By analogy with idiopathic chronic urticaria treatment, second-generation antihistamine one receptor antagonist agents are largely used and are generally accepted as first-line. These include loratadine, fexofenadine, and cetirizine. They may induce relief in most cases but usually require higher doses, two to four times higher than the conventional ones. 2nd generation antihistamine 1 receptor antagonists seem to have greater efficacy in delayed onset urticaria but no effect on the erythema in solar urticaria.

Since chronically exposed areas seem relatively tolerant to sun radiations, phototherapy (UVA, UVB, visible light) and photochemotherapy (PUVA) have been used to induce tolerance (hardening) to sunlight. This hardening process should be based on the spectrum of action and the minimal urticarial dose. PUVA seems to give a longer-lived response than phototherapy alone.

Intravenous immunoglobulins, plasma exchange, cyclosporine, afamelanotide, and omalizumab have been used in patients with refractory solar urticaria with some success.

Oral steroids, leukotriene receptor antagonists, antimalarial drugs, prostaglandin inhibitors, and oral beta-carotene have shown little or no effect in the management of solar urticaria. Combination therapies are frequently needed to achieve and maintain acceptable clinical relief.

Differential Diagnosis

Differential diagnosis includes polymorphous light eruption, lupus erythematosus, drug-induced photosensitivity, and photo contact dermatitis. However, solar urticaria may be associated with other photodermatoses, such as polymorphous light eruption and porphyria cutanea tarda.

Prognosis

Solar urticaria is an enigmatic disorder that is not well understood. While the diagnosis is simple, its management is difficult. Solar urticaria usually develops in the third decade of life and becomes a chronic disease. The symptoms are managed with a range of treatments, but remission relies on a phenomenon known as "hardening" and is not achieved by all patients. This is the process where continued exposure to ultraviolet radiation decreases the likelihood of attacks.
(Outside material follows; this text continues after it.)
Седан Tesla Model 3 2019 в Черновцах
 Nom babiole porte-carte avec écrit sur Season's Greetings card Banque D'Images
The probability of spontaneous resolution has been estimated as being 15% at 5 years and 25% at 10 years after the onset of the condition.

Overall, the prognosis for patients with severe urticaria is poor. Many patients are restricted indoors and lead a poor quality of life.

Complications

Because solar urticaria is thought to be caused by a type 1 hypersensitivity reaction, severe attacks of solar urticaria can lead to syncopal episodes, bronchospasm, and even anaphylaxis.
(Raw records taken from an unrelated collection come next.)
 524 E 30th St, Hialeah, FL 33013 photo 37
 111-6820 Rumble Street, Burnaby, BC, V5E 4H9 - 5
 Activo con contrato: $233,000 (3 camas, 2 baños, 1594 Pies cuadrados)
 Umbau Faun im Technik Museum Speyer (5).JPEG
Deterrence and Patient Education

As with other conditions that involve photosensitivity, avoidance and protection from UVR must be stressed with patients. Broad-spectrum sunscreen applied liberally to sun-exposed areas, wide-brimmed hats, and clothing that provides adequate coverage from sunlight should be encouraged to avoid attacks of solar urticaria.

Pearls and Other Issues

Solar urticaria often has a chronic course. Approximately half of patients continue to be symptomatic ten to 15 years after the disease onset. A longer duration of solar urticaria before the first medical evaluation, as well as age older than 40 years, are associated with a longer disease course. Patients with exclusive reactivity to visible or natural light seem to have the best prognosis.

Enhancing Healthcare Team Outcomes

Solar urticaria is an enigmatic disorder that is not well understood. While the diagnosis is simple, its management is difficult. The condition is often encountered by the primary care provider, nurse practitioner, dermatologist, and internist. However, because the condition can be difficult to distinguish from other itching disorders, a referral to a dermatologist is recommended.
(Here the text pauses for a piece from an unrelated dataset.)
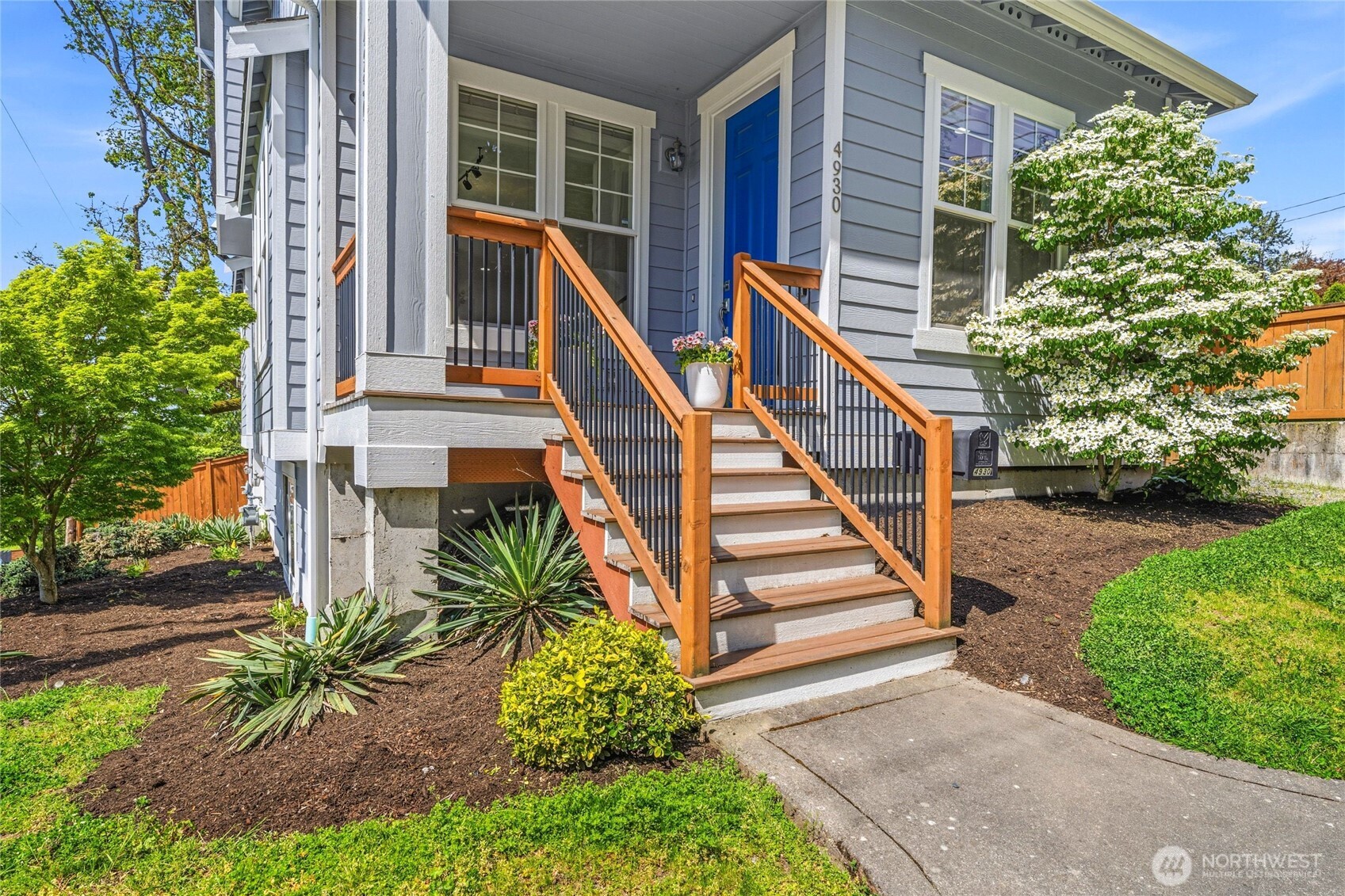 4930 S Holly Street , Seattle, WA 98118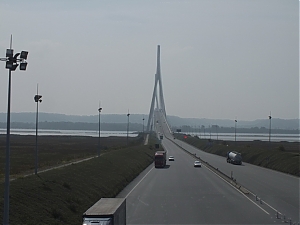 11-a29_most.jpg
There are no guidelines for the treatment of solar urticaria. Different treatments have been used with variable success. Currently, high-dose second generation antihistamines, sun exposure avoidance, use of broad-spectrum sunscreens, and dark clothing photoprotection are considered first-line.

Those who fail conservative treatment may be managed with phototherapy and biological agents. Overall, the prognosis for patients with severe urticaria is poor. Many patients are restricted indoors and lead a poor quality of life.